Solve the following equation for $x \in \mathbb{R}_+^n$
$$\frac{1}{x} = S x$$
where the inverse on $x$ is taken element-wise, and $S \in \mathbb{R}_+^{n\times n}$ is PSD (or PD, if needed).
This problem comes from trying to optimize
$$L(x) = 1_n^T \log(x) - \frac{1}{2} x^T S x$$
where the logarithm is taken element-wise over $x$, and $1_n$ is just a column-vector of $n$ ones. In other words, we're doing sum(log(x)).
If it helps (otherwise, ignore it), you can assume that $x$ must sum to a constant.
Because this equation is, at worst, quadratic, I was hoping there would be a closed form solution, or at least a very efficient way of computing the solution short of gradient descent.
We have the following system of equations in $\mathrm x > 0_n$
$$\left( \mbox{diag} (\mathrm x) \right)^{-1} 1_n = \mathrm S \,\mathrm x$$
Left-multiplying both sides by diagonal matrix $\mbox{diag} (\mathrm x)$,
$$1_n = \mbox{diag} (\mathrm x) \,\mathrm S \,\mathrm x$$
where the $i$-th (quadratic) equation is
$$1 = x_i \sum_{j=1}^n s_{ij} x_j = \mathrm x^\top \mathrm e_i \mathrm s_i^\top \mathrm x = \mbox{tr} \left( \,\mathrm e_i \mathrm s_i^\top \mathrm x \mathrm x^\top \right) = \langle \mathrm s_i \mathrm e_i^\top , \mathrm x \mathrm x^\top \rangle$$
where $\mathrm s_i$ is the $i$-th row (or column) of symmetric matrix $\rm S$.

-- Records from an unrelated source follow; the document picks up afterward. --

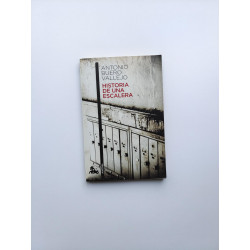 Libro " Historia de una escalera"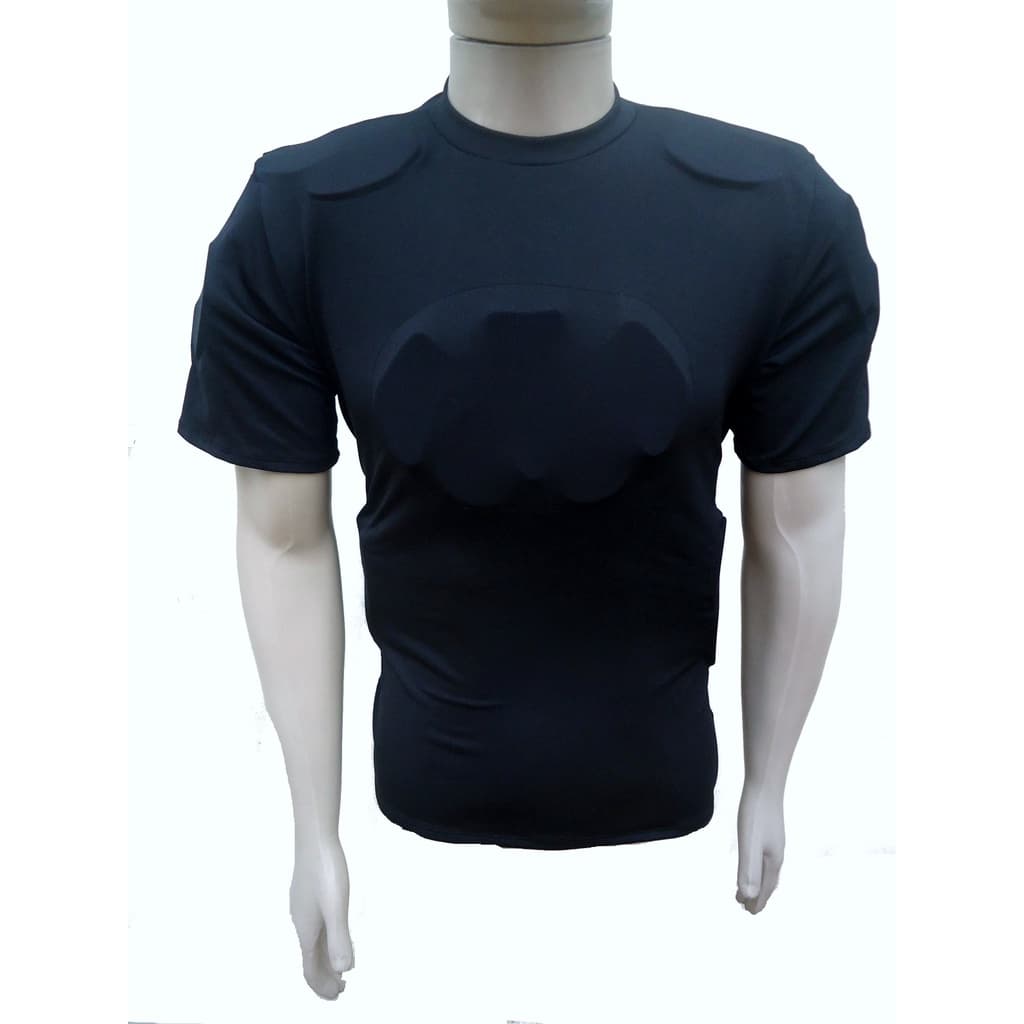 Camisa Proteção Rugby com pads Grupo RB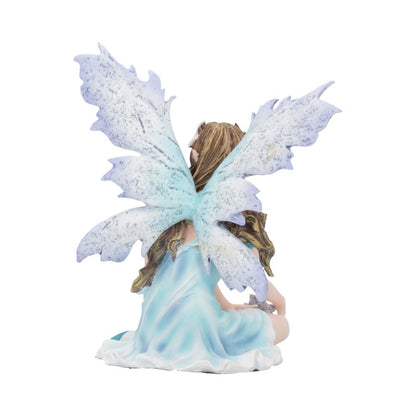 Melody Figurine Fairy Flower Ornament 12cm Resin Statue 4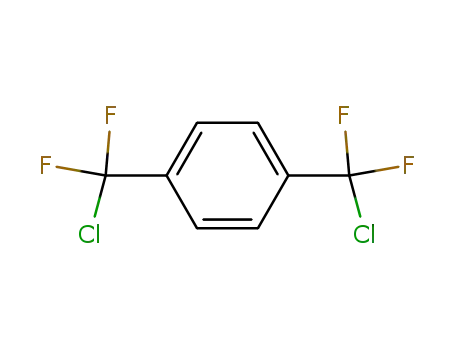 Molecular Structure of 2629-68-7 (1,4-BIS(CHLORODIFLUOROMETHYL)BENZENE)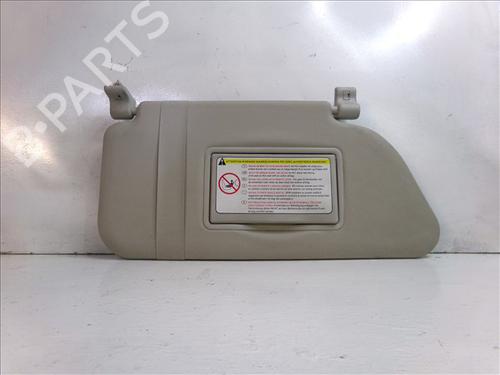 Used Right sun visor Right sun visor PEUGEOT 1007 (KM_) 1.4 (75 hp) 24561436 24561436
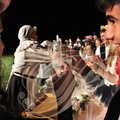 Spectacle "AU FIL de L'EAU" - tableau  10 -  le mariage : le repas - le champagne (2014) FP229
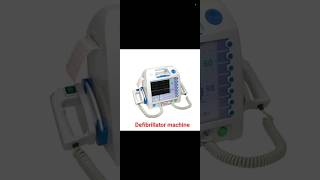 Defibrillatordefibrillator use shorts health Machine8511 [upl. by Gerty311]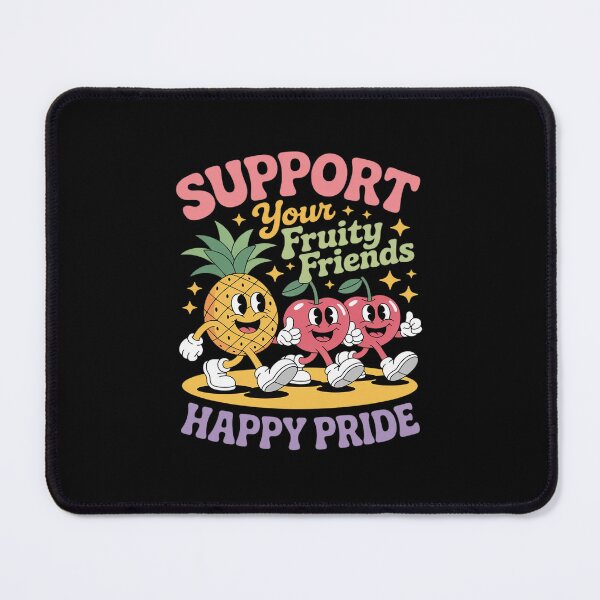 Item preview, Support Your Fruity Friends Happy Pride designed and sold by ticlitule.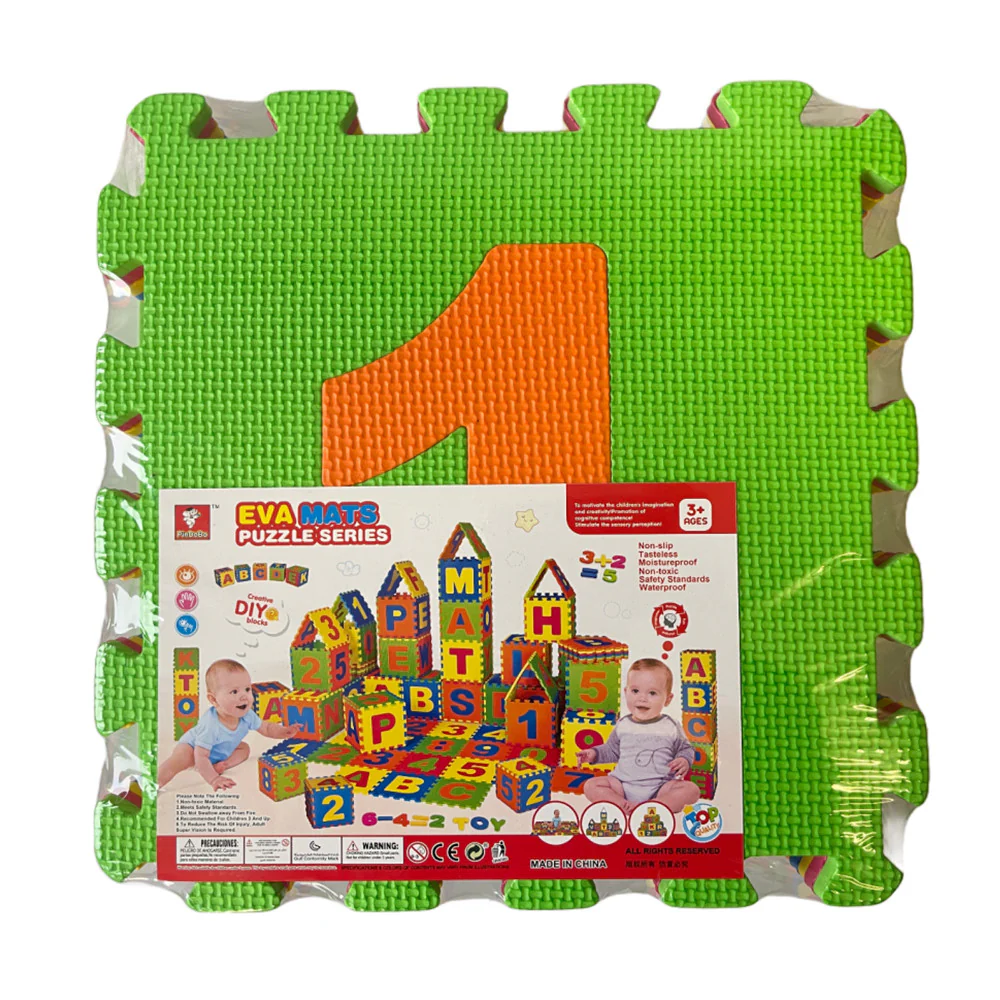 TAPIS PUZZLE EVA MATS SERIES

Let $\mathrm X := \mathrm x \mathrm x^\top$. Hence, we have $n$ linear equality constraints in $\rm X$, a constraint on the rank of $\rm X$ and a positive semidefiniteness constraint
$$\begin{aligned} \langle \mathrm s_1 \mathrm e_1^\top, \mathrm X \rangle &= 1\\ \langle \mathrm s_2 \mathrm e_2^\top, \mathrm X\rangle &= 1\\ &\vdots\\ \langle \mathrm s_n \mathrm e_n^\top, \mathrm X\rangle &= 1\\ \mbox{rank} (\mathrm X) &= 1\\ \mathrm X &\succeq \mathrm O_n\end{aligned}$$
Since the nuclear norm is a convex proxy for the rank, we solve the following convex program in $\rm X$
$$\begin{array}{ll} \text{minimize} & \| \mathrm X \|_*\\ \text{subject to} & \langle \mathrm s_1 \mathrm e_1^\top, \mathrm X \rangle = 1\\ & \langle \mathrm s_2 \mathrm e_2^\top, \mathrm X \rangle = 1\\ & \qquad\vdots\\ & \langle \mathrm s_n \mathrm e_n^\top, \mathrm X \rangle = 1\\ & \mathrm X \succeq \mathrm O_n\end{array}$$
Since matrix $\rm X$ is symmetric and positive semidefinite, its eigenvalues are equal to its singular values and, thus, the nuclear norm of matrix $\rm X$ is equal to its trace. Hence, we solve the following (convex) semidefinite program (SDP) in $\rm X$
$$\begin{array}{ll} \text{minimize} & \mbox{tr} \left( \mathrm X \right)\\ \text{subject to} & \langle \mathrm s_1 \mathrm e_1^\top, \mathrm X \rangle = 1\\ & \langle \mathrm s_2 \mathrm e_2^\top, \mathrm X \rangle = 1\\ & \qquad\vdots\\ & \langle \mathrm s_n \mathrm e_n^\top, \mathrm X \rangle = 1\\ & \mathrm X \succeq \mathrm O_n\end{array}$$
Lastly, there are two possibilities:
If the optimal solution is rank-$1$, then we have solved the system of $n$ quadratic equations.
If the optimal solution is not rank-$1$, then do try another approach. Good luck.